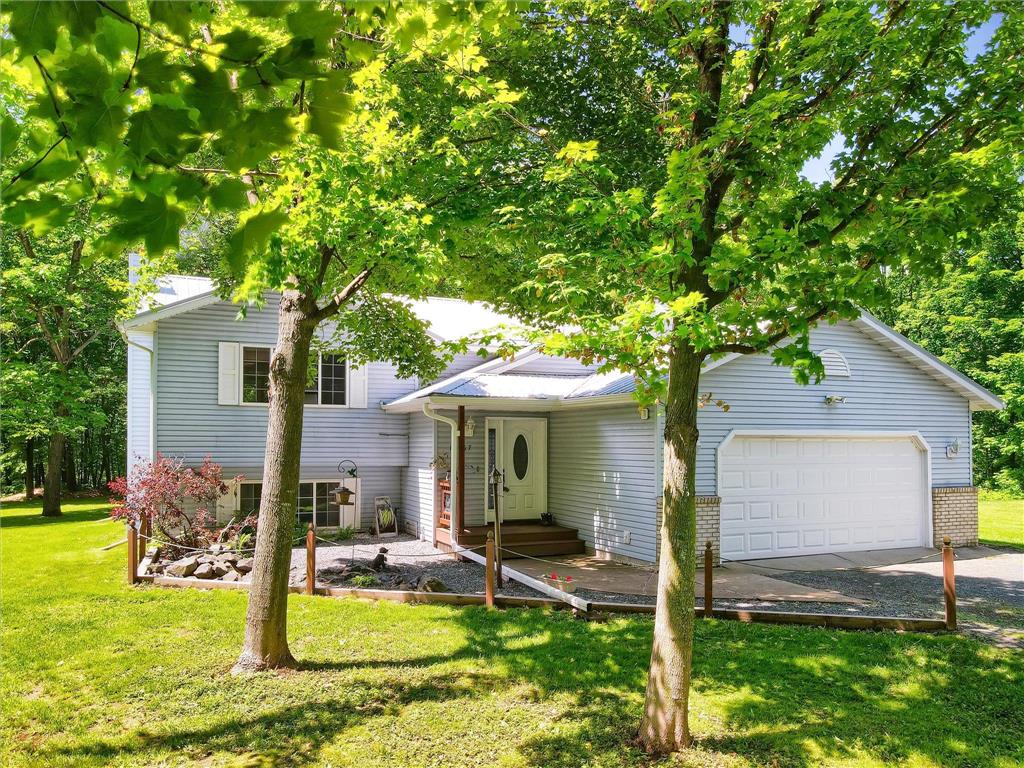 18767 Saint Croix Trail Shafer Twp MN 55074 6532920 image1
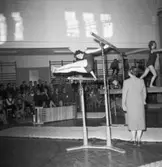 Gymnastikuppvisning i idrotthuset i Huskvarna år 1957. Ledaren är gymnastikdirektör Karin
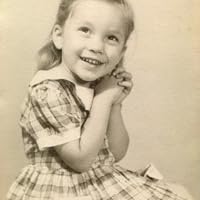 Profile Image for Julie.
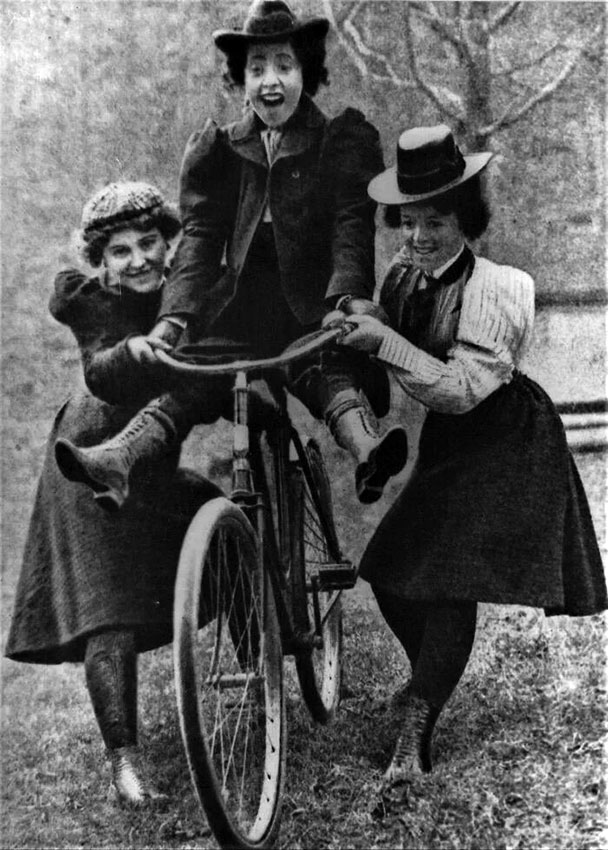 Девушка учится кататься на велосипеде, 1895 год. 
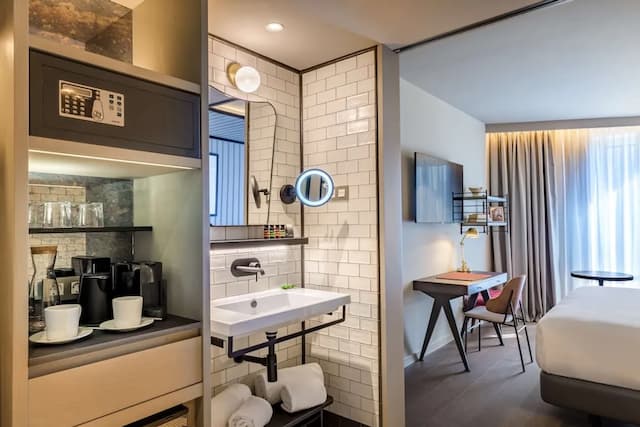 馬德里卡斯特利亞納希爾頓嘉悅里飯店-客房, 1 張特大雙人床, 城市景觀-3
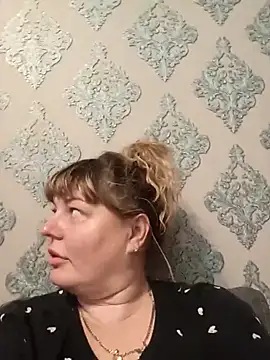 Snapshot of KristinaLowq chatting on April 2026 04:04:02 PM KristinaLowq online show from April 2026 04:04:02 PM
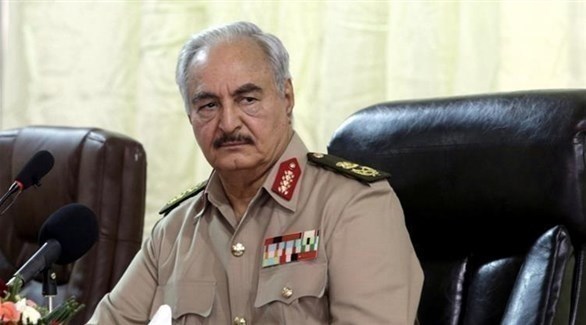 قائد الجيش الليبي المشير خليفة حفتر (أرشيف)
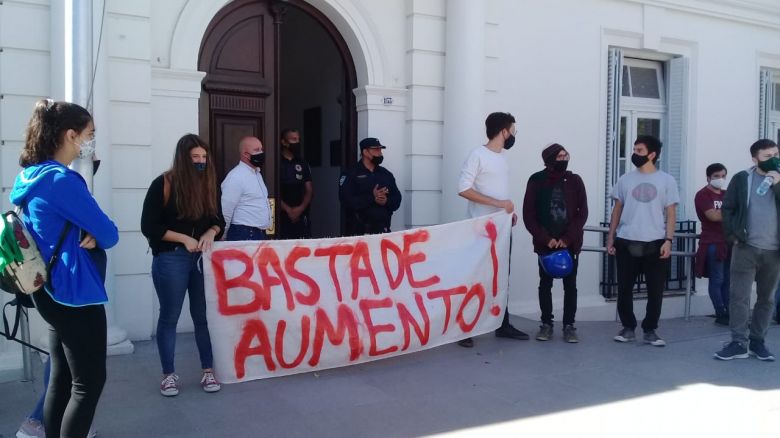 El oficialismo votó en soledad el aumento del boleto de transporte urbano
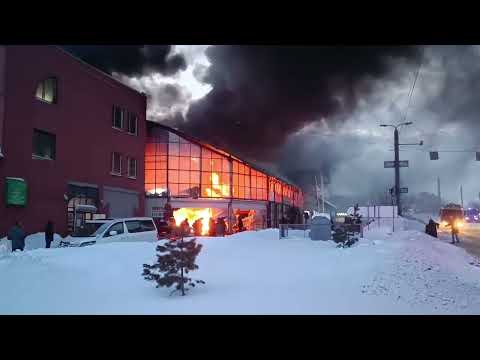 Пожар в Челябинске у ТК Европа Азия 19.01.2024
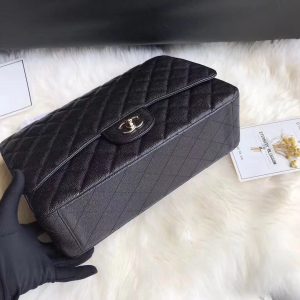 FLAP BAG 33CM BLACK CAVIAR SILVER HARDWARE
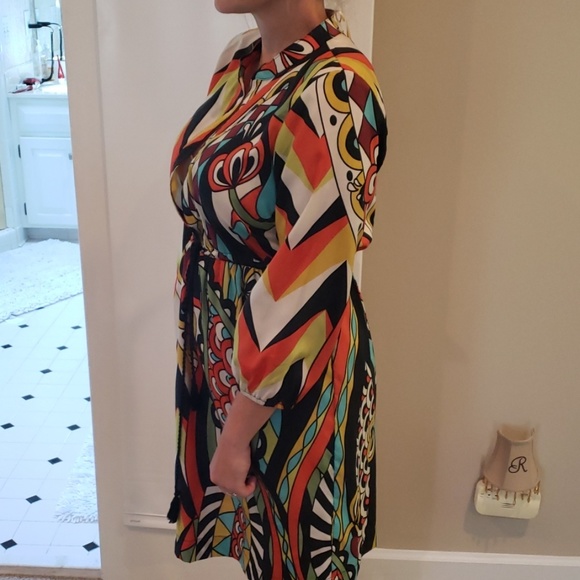 Dress - Picture 2 of 5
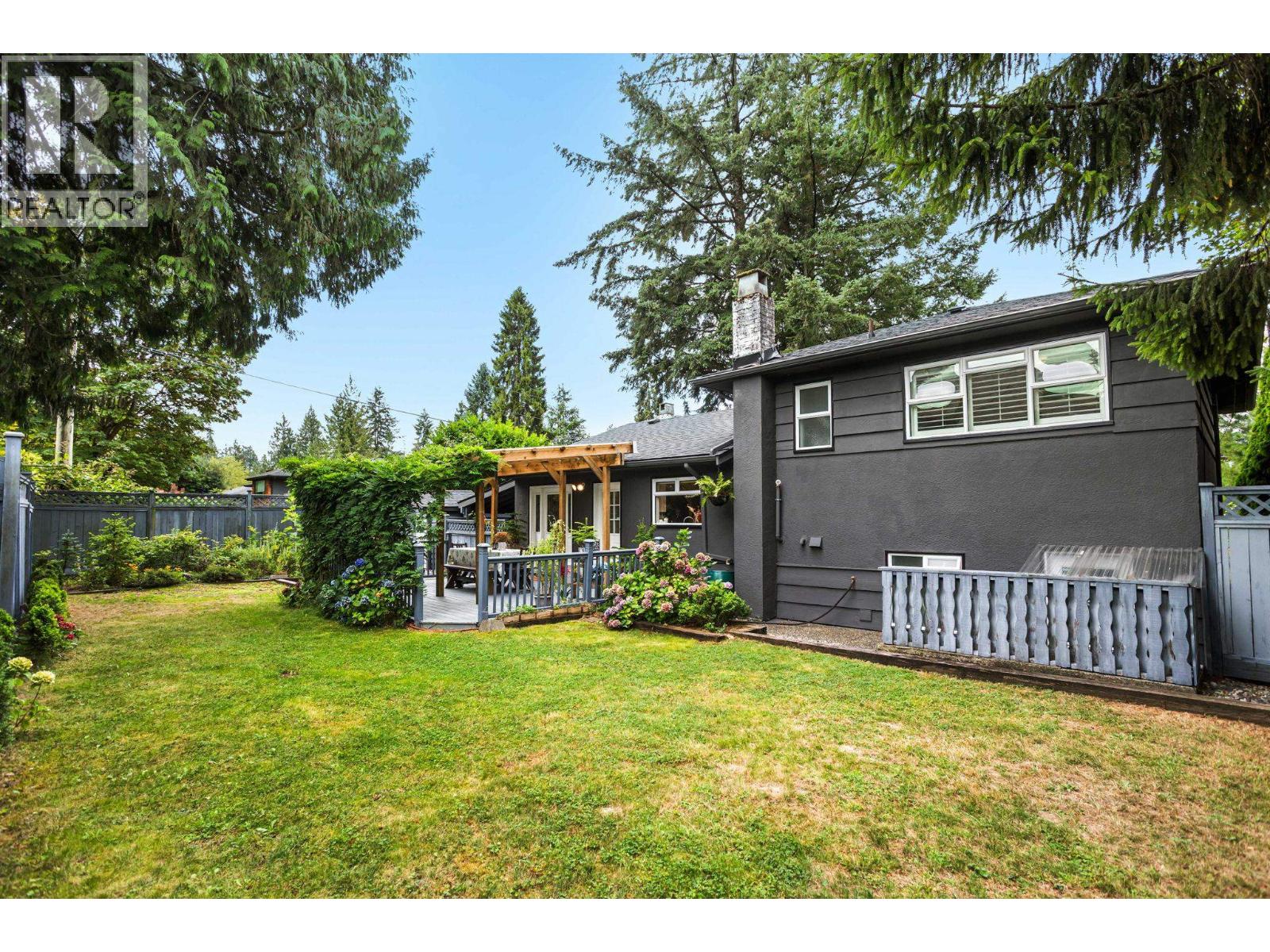3020 Thorncliffe Drive, North Vancouver, British Columbia  V7R 2T1 - Photo 31 - R3160024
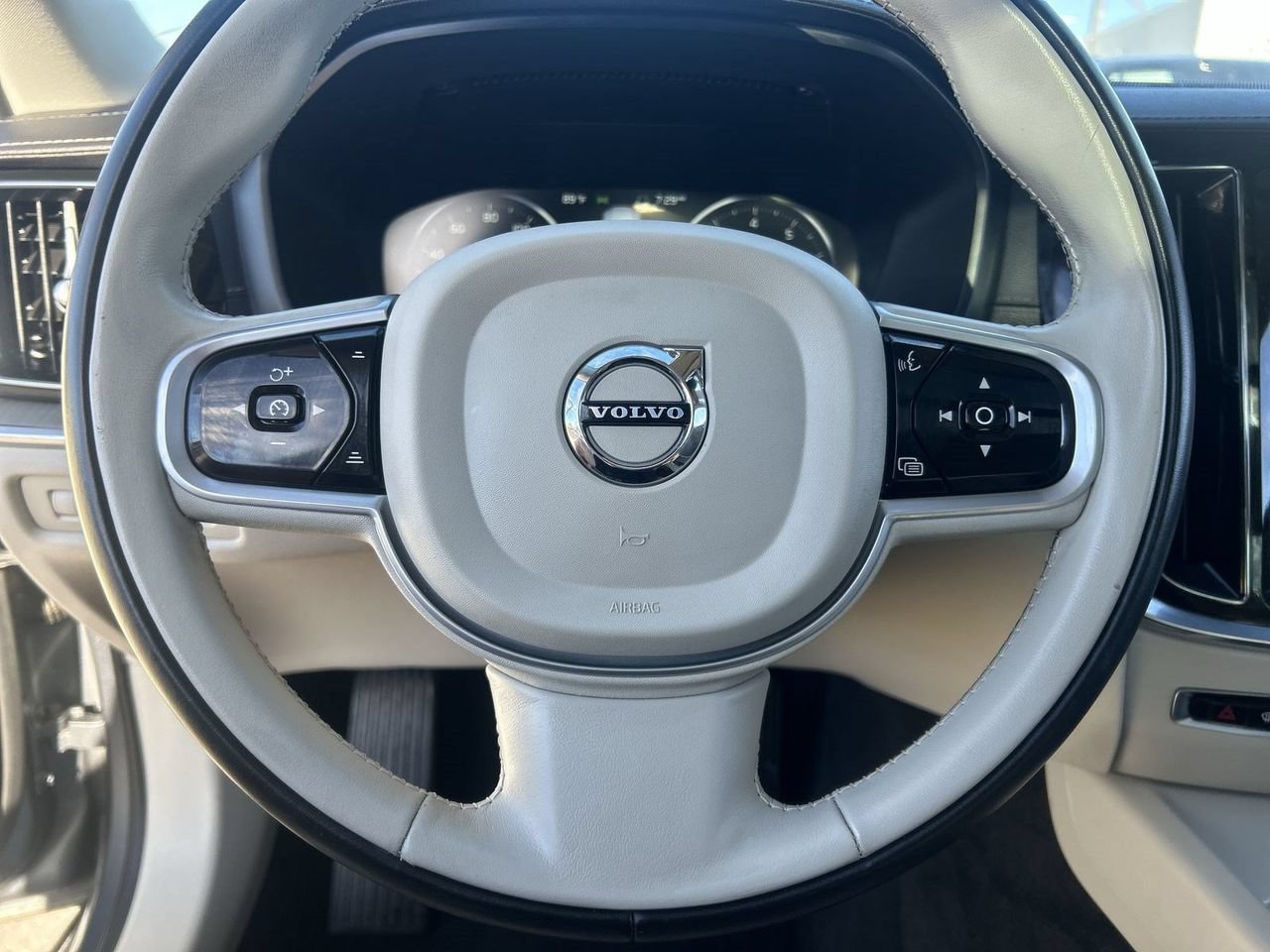 Used 2020 Volvo S60 T6 Inscription AWD/4WD image 20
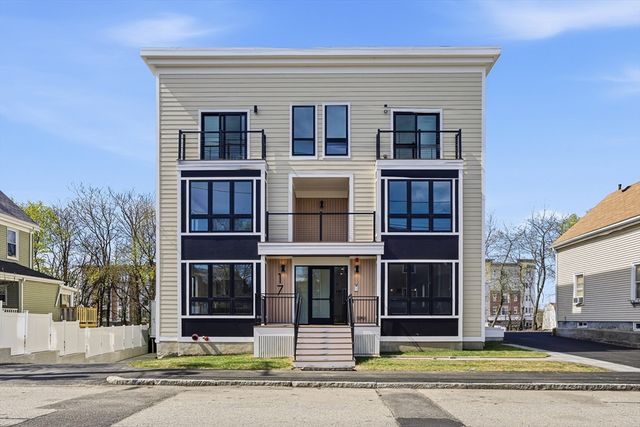 17 Holmes Street PH1, Quincy, MA 02171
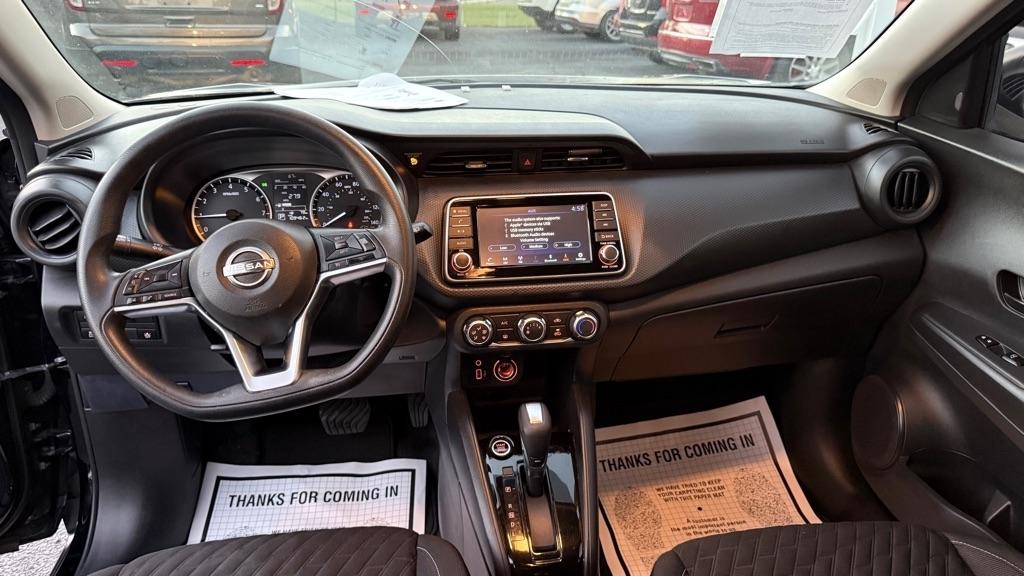Nissan Kicks S FWD 2022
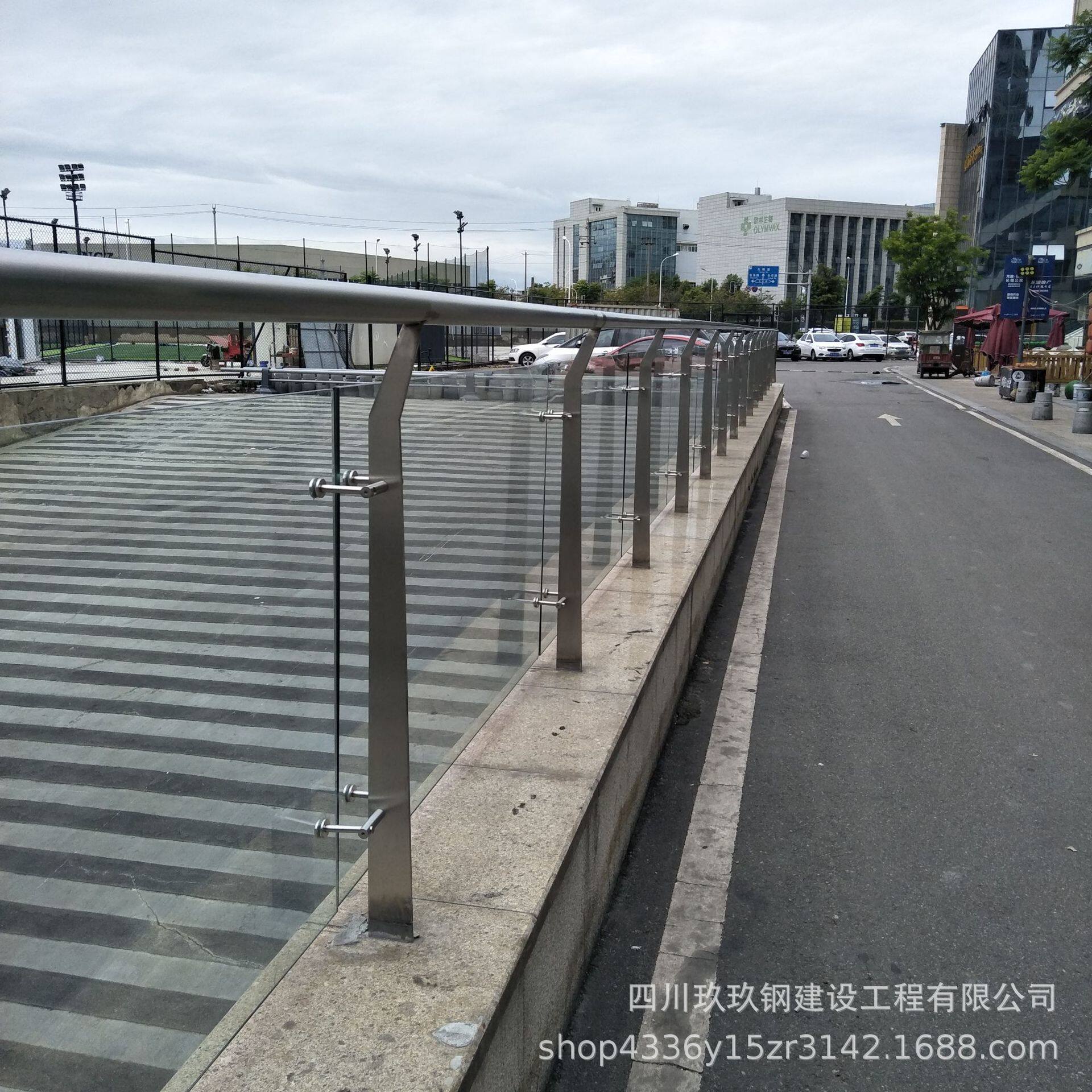 成都建筑护栏制作安装铁艺不锈钢栏杆扶手不锈钢玻璃栏杆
== == ==
The data must be repeated exactly. Any pictures in it are to be left out.

 18767 Saint Croix Trail Shafer Twp MN 55074 6532920 image1
 Gymnastikuppvisning i idrotthuset i Huskvarna år 1957. Ledaren är gymnastikdirektör Karin
 Profile Image for Julie.
 Девушка учится кататься на велосипеде, 1895 год. 
 馬德里卡斯特利亞納希爾頓嘉悅里飯店-客房, 1 張特大雙人床, 城市景觀-3
 Snapshot of KristinaLowq chatting on April 2026 04:04:02 PM KristinaLowq online show from April 2026 04:04:02 PM
 قائد الجيش الليبي المشير خليفة حفتر (أرشيف)
 El oficialismo votó en soledad el aumento del boleto de transporte urbano
 Пожар в Челябинске у ТК Европа Азия 19.01.2024
 FLAP BAG 33CM BLACK CAVIAR SILVER HARDWARE
 Dress - Picture 2 of 5
3020 Thorncliffe Drive, North Vancouver, British Columbia  V7R 2T1 - Photo 31 - R3160024
 Used 2020 Volvo S60 T6 Inscription AWD/4WD image 20
 17 Holmes Street PH1, Quincy, MA 02171
Nissan Kicks S FWD 2022
 成都建筑护栏制作安装铁艺不锈钢栏杆扶手不锈钢玻璃栏杆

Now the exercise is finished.